I could even try throwing it so hard that it landed in the bowels of the arctic tundra and disappeared forever.
My hate grew stronger with every passing glance at the thing, but I could never tell anyone about it. That would ruin my dastardly plan to destroy it! I would be the only single person with known motive to murder the so-called work of art; I had to figure out its weakness, and then when it was least expecting it, make a surprise attack.

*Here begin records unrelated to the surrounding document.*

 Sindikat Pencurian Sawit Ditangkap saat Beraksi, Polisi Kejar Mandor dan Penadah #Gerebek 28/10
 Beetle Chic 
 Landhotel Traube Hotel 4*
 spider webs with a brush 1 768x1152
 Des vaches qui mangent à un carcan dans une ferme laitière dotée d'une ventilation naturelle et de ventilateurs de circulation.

Among all of this planning something occurred to me; why did I hate the stupid painting so much? It was the colors, the concept, the perspective…it was all just wrong. Totally wrong in my eyes.
But that’s when it hit me: both the idea and the backhoe I had not so intelligently left running without the brake. It was only wrong in my eyes. Who was I to critique a fifty year old painting when I knew nothing about art? (The medical bills from the backhoe accident also helped me come to this conclusion.)
So I just watched it hang there and occasionally gave it a glance. I just couldn’t bring myself to destroy it, so I returned the jackhammer to the construction site that had unknowingly let me borrow it, and I finally fed Sparky, my pit-bull. What if, by chance, some nutball found worth or beauty in the loathsome picture? It was just going to have to stay on the wall.